Source material ::

········

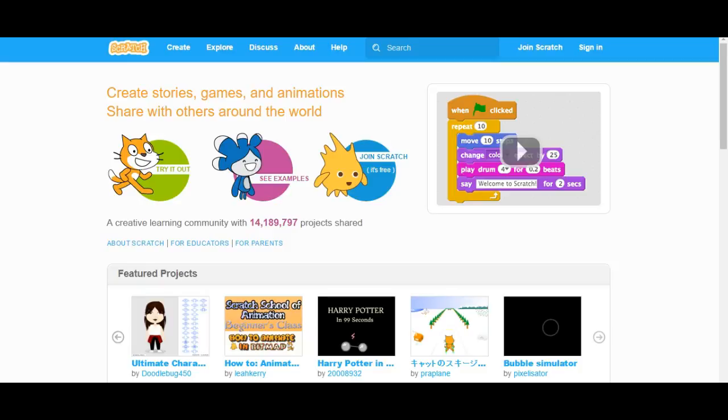Hello guys, this is KidsCodeCampus and this is a tutorial on how to use Scratch. So let's get started.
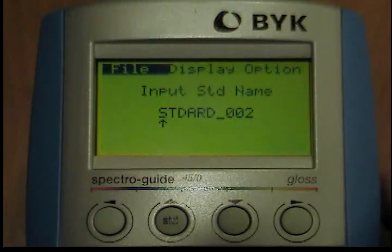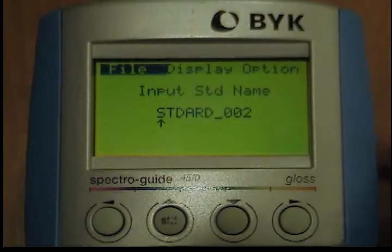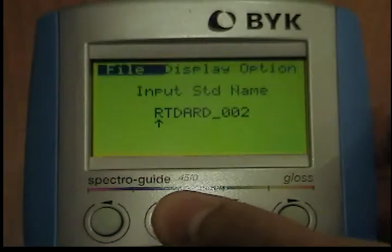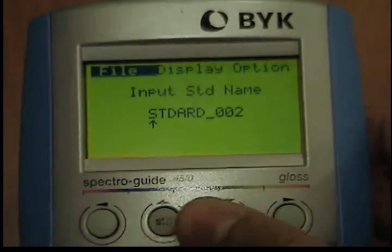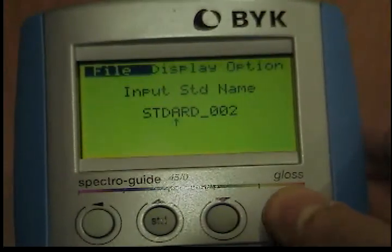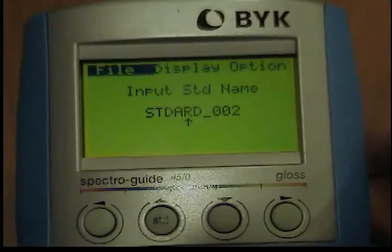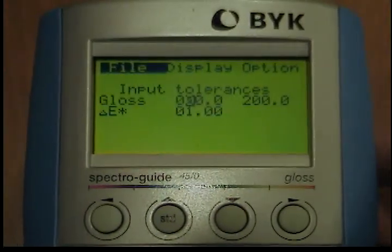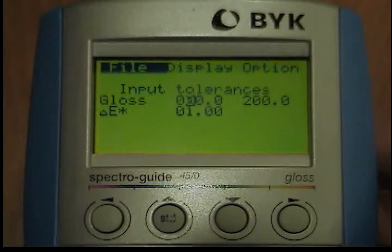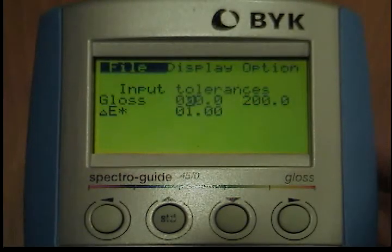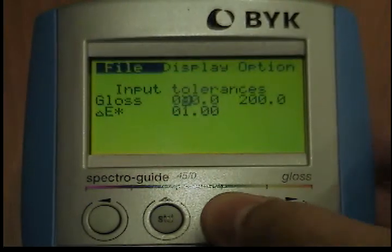You can use the Up and Down buttons to select the appropriate letter at the position of the arrow. Use the Left button to move the arrow to the next letter. When you are finished with the input operation, press the Operate button. The menu will appear for the tolerances. Enter the appropriate values and then press the Operate button.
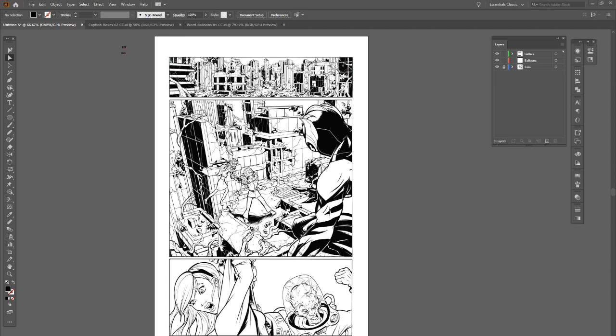Clip Studio Paint handles type pretty well, but I can't say much about its type features specifically. I did illustrate this page in Clip Studio Paint, exported it as a JPEG, imported it as a guide layer, and then I do the lettering in Illustrator before finishing up in Photoshop. I learned how to do digital lettering in Illustrator, I'm comfortable with it, so that's what I'm gonna do.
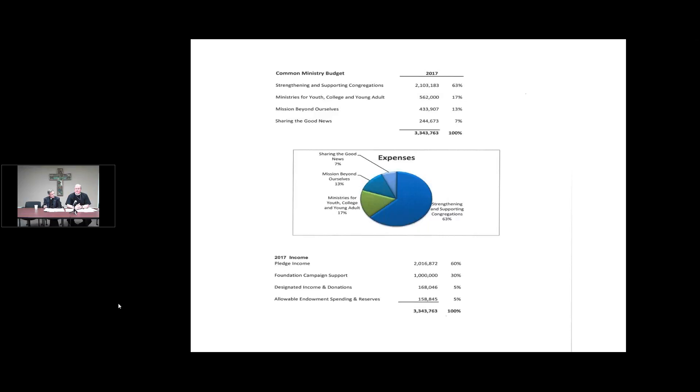Again, just slightly under a half a million dollars, 13% of the common ministry budget goes to support mission beyond ourselves. That would be things like Grace Mission in Tallahassee, St. Mary's here in Jacksonville.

········

Work order ::
What is needed is the full material, retyped unchanged, with no pictures in it.

Your solution ::
Hello guys, this is KidsCodeCampus and this is a tutorial on how to use Scratch. So let's get started.
You can use the Up and Down buttons to select the appropriate letter at the position of the arrow. Use the Left button to move the arrow to the next letter. When you are finished with the input operation, press the Operate button. The menu will appear for the tolerances. Enter the appropriate values and then press the Operate button.
Clip Studio Paint handles type pretty well, but I can't say much about its type features specifically. I did illustrate this page in Clip Studio Paint, exported it as a JPEG, imported it as a guide layer, and then I do the lettering in Illustrator before finishing up in Photoshop. I learned how to do digital lettering in Illustrator, I'm comfortable with it, so that's what I'm gonna do.
Again, just slightly under a half a million dollars, 13% of the common ministry budget goes to support mission beyond ourselves. That would be things like Grace Mission in Tallahassee, St. Mary's here in Jacksonville.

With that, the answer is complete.